Background:Re-operative cardiac surgery after prior coronary artery bypass grafting (CABG), using in situ graft is a challenge. Technical difficulties regarding this procedure include risks of graft injury and myocardial protection. The conventional strategy involves re-sternotomy, dissection, and temporary occlusion of the in situ graft to prevent cardioplegia washout. However, the problem with this procedure is that injury to the in situ graft can result in catastrophic complications.
Methods:We reviewed 25 redo cases of patients who had prior CABG with patent in situ grafts. The in situ grafts were dissected and clamped in 18 (group C) patients, whereas in 7 (group U) patients, the in situ grafts were not dissected or clamped. All patients underwent re-sternotomy, aortic cross clamping and cardiac arrest with cardioplegia. Besides, myocardial protection was obtained using moderate hypothermia and systemic potassium injection in group U.
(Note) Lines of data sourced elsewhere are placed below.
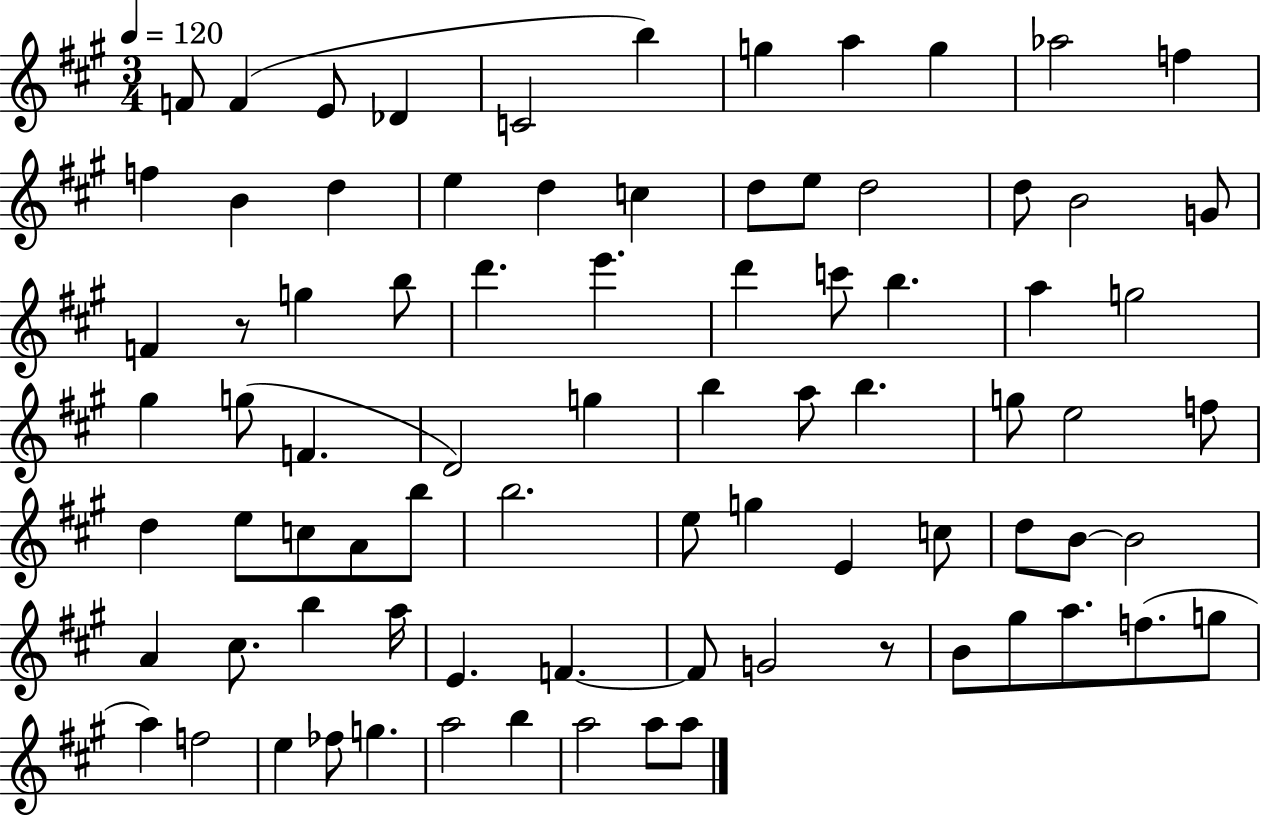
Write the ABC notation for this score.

X:1
T:Untitled
M:3/4
L:1/4
K:A
F/2 F E/2 _D C2 b g a g _a2 f f B d e d c d/2 e/2 d2 d/2 B2 G/2 F z/2 g b/2 d' e' d' c'/2 b a g2 ^g g/2 F D2 g b a/2 b g/2 e2 f/2 d e/2 c/2 A/2 b/2 b2 e/2 g E c/2 d/2 B/2 B2 A ^c/2 b a/4 E F F/2 G2 z/2 B/2 ^g/2 a/2 f/2 g/2 a f2 e _f/2 g a2 b a2 a/2 a/2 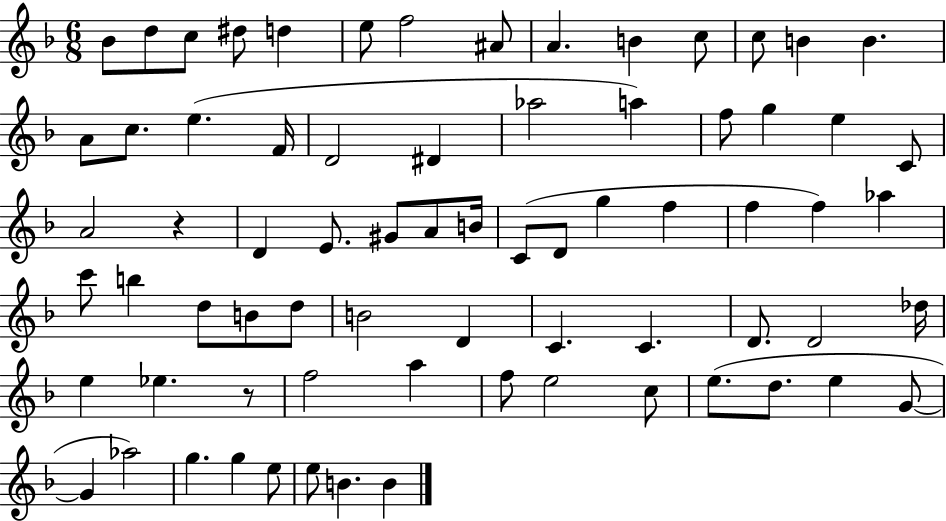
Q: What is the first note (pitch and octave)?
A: Bb4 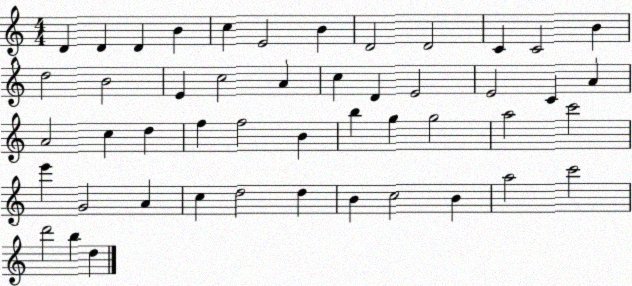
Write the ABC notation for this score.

X:1
T:Untitled
M:4/4
L:1/4
K:C
D D D B c E2 B D2 D2 C C2 B d2 B2 E c2 A c D E2 E2 C A A2 c d f f2 B b g g2 a2 c'2 e' G2 A c d2 d B c2 B a2 c'2 d'2 b d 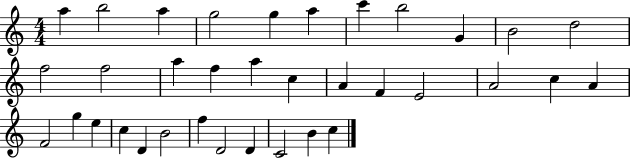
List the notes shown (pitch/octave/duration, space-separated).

A5/q B5/h A5/q G5/h G5/q A5/q C6/q B5/h G4/q B4/h D5/h F5/h F5/h A5/q F5/q A5/q C5/q A4/q F4/q E4/h A4/h C5/q A4/q F4/h G5/q E5/q C5/q D4/q B4/h F5/q D4/h D4/q C4/h B4/q C5/q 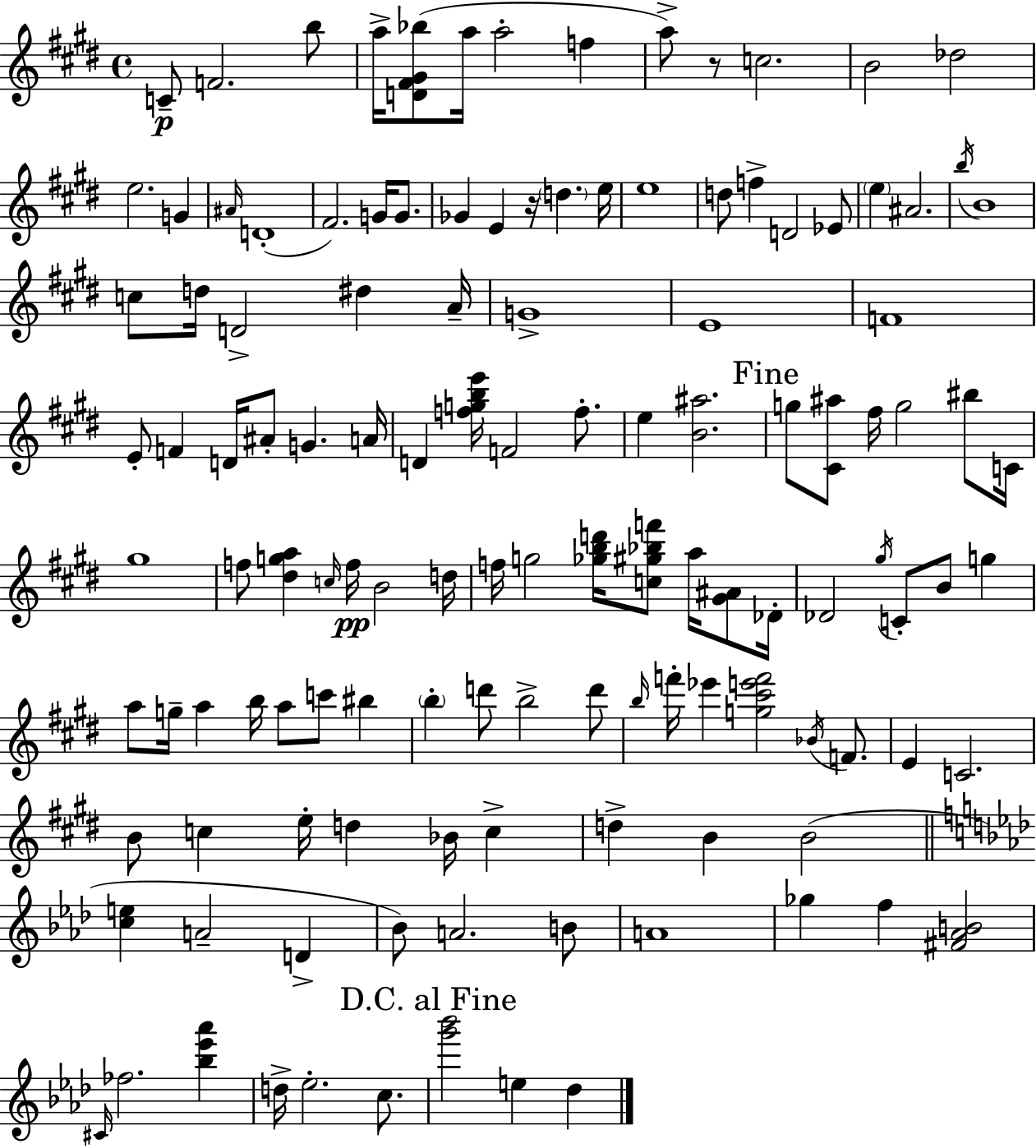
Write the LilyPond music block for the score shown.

{
  \clef treble
  \time 4/4
  \defaultTimeSignature
  \key e \major
  \repeat volta 2 { c'8--\p f'2. b''8 | a''16-> <d' fis' gis' bes''>8( a''16 a''2-. f''4 | a''8->) r8 c''2. | b'2 des''2 | \break e''2. g'4 | \grace { ais'16 }( d'1-. | fis'2.) g'16 g'8. | ges'4 e'4 r16 \parenthesize d''4. | \break e''16 e''1 | d''8 f''4-> d'2 ees'8 | \parenthesize e''4 ais'2. | \acciaccatura { b''16 } b'1 | \break c''8 d''16 d'2-> dis''4 | a'16-- g'1-> | e'1 | f'1 | \break e'8-. f'4 d'16 ais'8-. g'4. | a'16 d'4 <f'' g'' b'' e'''>16 f'2 f''8.-. | e''4 <b' ais''>2. | \mark "Fine" g''8 <cis' ais''>8 fis''16 g''2 bis''8 | \break c'16 gis''1 | f''8 <dis'' g'' a''>4 \grace { c''16 }\pp f''16 b'2 | d''16 f''16 g''2 <ges'' b'' d'''>16 <c'' gis'' bes'' f'''>8 a''16 | <gis' ais'>8 des'16-. des'2 \acciaccatura { gis''16 } c'8-. b'8 | \break g''4 a''8 g''16-- a''4 b''16 a''8 c'''8 | bis''4 \parenthesize b''4-. d'''8 b''2-> | d'''8 \grace { b''16 } f'''16-. ees'''4 <g'' cis''' e''' f'''>2 | \acciaccatura { bes'16 } f'8. e'4 c'2. | \break b'8 c''4 e''16-. d''4 | bes'16 c''4-> d''4-> b'4 b'2( | \bar "||" \break \key aes \major <c'' e''>4 a'2-- d'4-> | bes'8) a'2. b'8 | a'1 | ges''4 f''4 <fis' aes' b'>2 | \break \grace { cis'16 } fes''2. <bes'' ees''' aes'''>4 | d''16-> ees''2.-. c''8. | \mark "D.C. al Fine" <g''' bes'''>2 e''4 des''4 | } \bar "|."
} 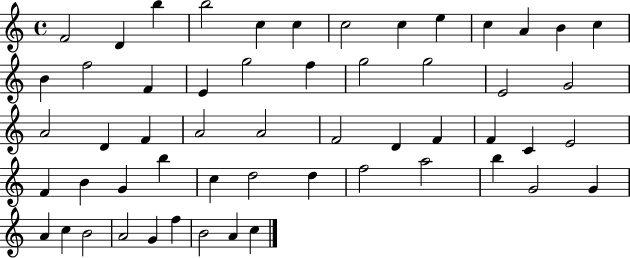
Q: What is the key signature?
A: C major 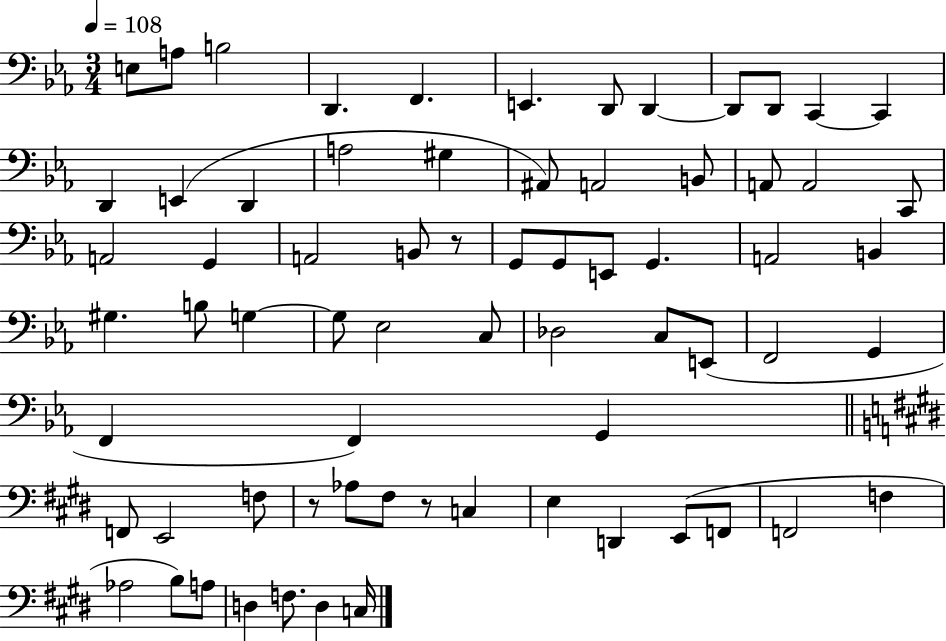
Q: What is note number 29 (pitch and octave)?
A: G2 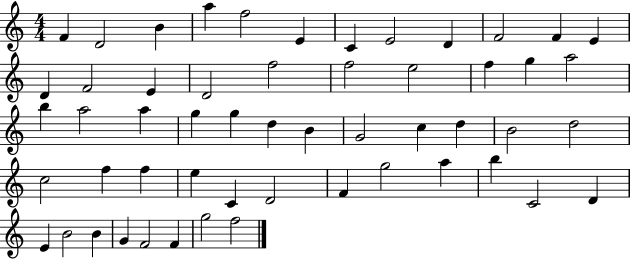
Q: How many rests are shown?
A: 0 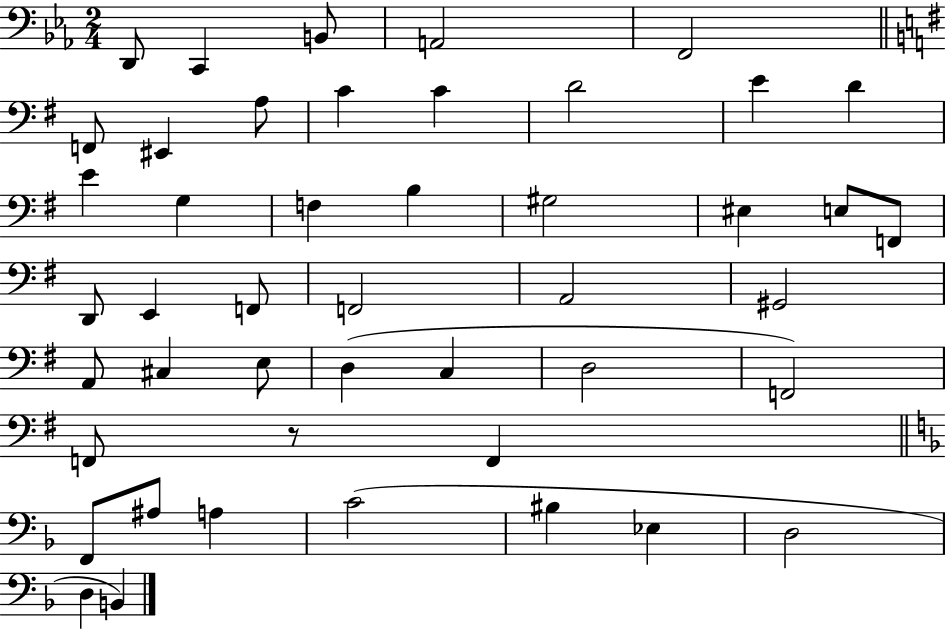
D2/e C2/q B2/e A2/h F2/h F2/e EIS2/q A3/e C4/q C4/q D4/h E4/q D4/q E4/q G3/q F3/q B3/q G#3/h EIS3/q E3/e F2/e D2/e E2/q F2/e F2/h A2/h G#2/h A2/e C#3/q E3/e D3/q C3/q D3/h F2/h F2/e R/e F2/q F2/e A#3/e A3/q C4/h BIS3/q Eb3/q D3/h D3/q B2/q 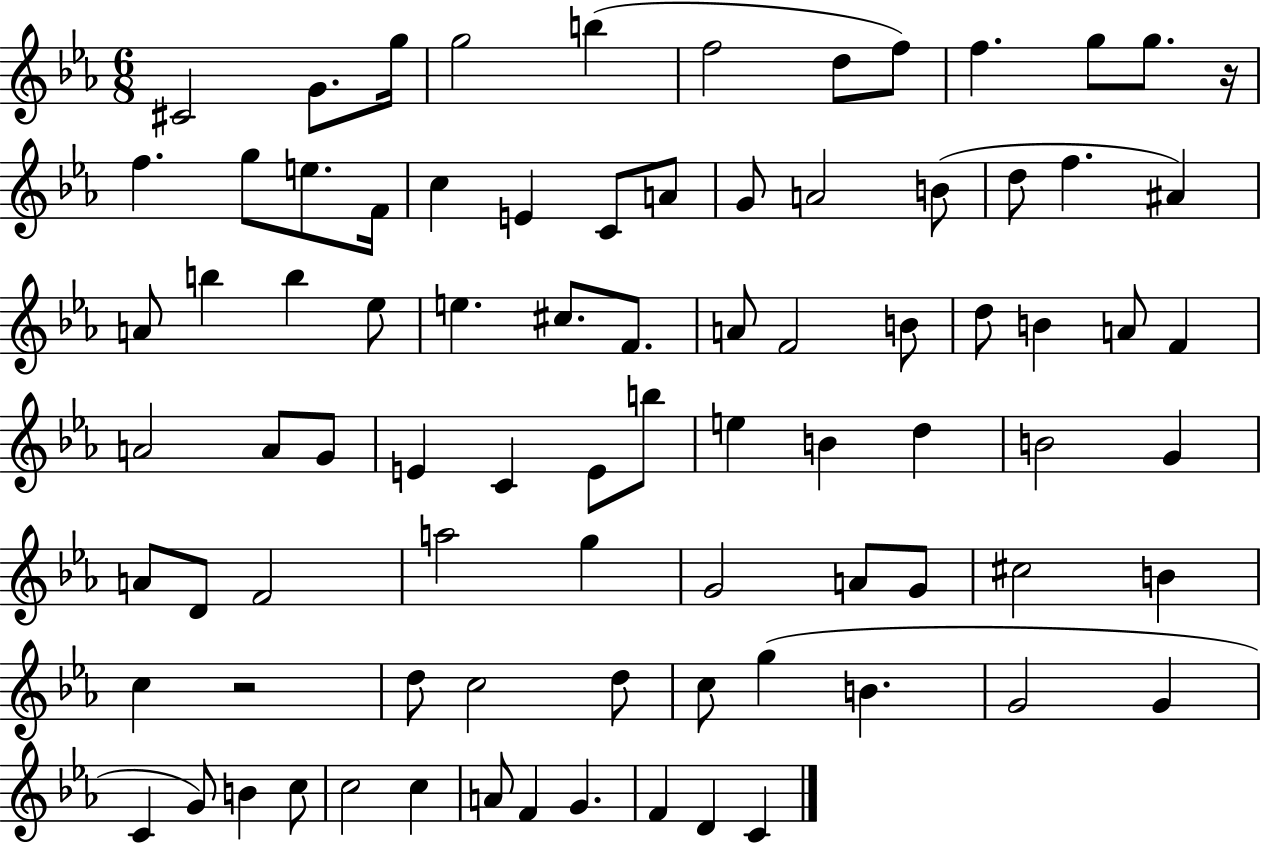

Results:There were no injuries to the in situ grafts in either group. The peak creatine kinase-MB values were not significantly different between the two groups. Postoperative ejection fraction was preserved in both groups.
Conclusions:The simplified approach of no-clamping technique yielded safety and effectiveness for myocardial protection in redo cases for patients with prior CABG in the presence of patent in situ grafts.